Однако русский космизм неоднороден. Общей чертой в нем являются, во-первых, поэтическая безответственность: намечая желаемую цель, он как-то не задумывается над ее осуществимостью. Во-вторых же, это синтетическая идея «общего дела», единения всего живого, плодящегося, размножающегося, произрастающего и даже неживого. В русской литературе начала XX века идея одушевления неодушевленного довольно устойчива и разнообразна. Так, В. Маяковский в «Мистерии-буфф» очеловечивает вещи, так, пролетарские поэты одушевляют и одомашнивают машину. Например, рабочий поэт М. Герасимов писал в поэме «Сила»:
Динамо, как волк, над люлькой
Скалил огненный клык...
Или:
Я электрическую соску
Губами жадно присосал...
Но нас сейчас больше интересуют не «механистические», а «органические» утопии. Поэтому ниже будут рассмотрены два наиболее близких к «земле» «космических» мировоззрения, связанных с именами Н. Федорова, с одной стороны, и В. Вернадского и К. Циолковского — с другой.
В самом кратком изложении суть «философии общего дела» Н. Федорова заключается в следующем: Федоров видел главное зло в смерти, которую понимал как порабощение человека слепой природой. Поэтому природой необходимо овладеть, чтобы победить смерть и физически воскресить отцов (предков). Это и есть «общее дело» человечества. Федоров таким образом противопоставил христианской идее личного спасения идею всеобщего братства и родства, а «небратской» цивилизации родовой патриархальный уклад. Идеальное же общество должно быть устойчивым, консервативным, абсолютно не приемлющим прогресс.

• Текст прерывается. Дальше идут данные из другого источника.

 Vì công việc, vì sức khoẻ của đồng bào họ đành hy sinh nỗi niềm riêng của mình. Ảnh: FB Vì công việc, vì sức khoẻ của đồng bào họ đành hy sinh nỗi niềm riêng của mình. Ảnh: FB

Трудно сказать, читали или нет Клюев или Есенин опубликованную в 1906 году книгу Н. Федорова, да это и неважно. Важно, что крестьянское мировоззрение, которое они отразили в своем творчестве, во многом совпадало с основными положениями «Философии общего дела». Здесь и общеизвестная поэтизация старины («литургия избы» у Есенина), и недоверие к прогрессу (хрестоматийные гонки жеребенка с поездом в есенинском же «Сорокоусте»), и преобладание общинного начала над индивидуальным. Сильно развит был в русском крестьянстве (во взглядах на мир которого христианство причудливо переплеталось с неизжитым язычеством) и культ предков. Есенин в «Ключах Марии» говорит об «отношении к вечности как к родительскому очагу». Что же касается собственно «крестьянской» поэзии, то здесь погост всегда был одним из самых возвышенных образов, одним из самых святых мест. А у Клюева звучит и «мотив воскрешения». В стихотворении из цикла «О чем шумят кедры» состояние счастья и покоя объясняется так:
Как будто в домик под бузиной
Приехала на хлипких дрожках
С погоста мама.
Таким образом, патриархальную и языческую философию Н. Федорова можно, с определенными оговорками, назвать философией крестьянства или близкой крестьянству.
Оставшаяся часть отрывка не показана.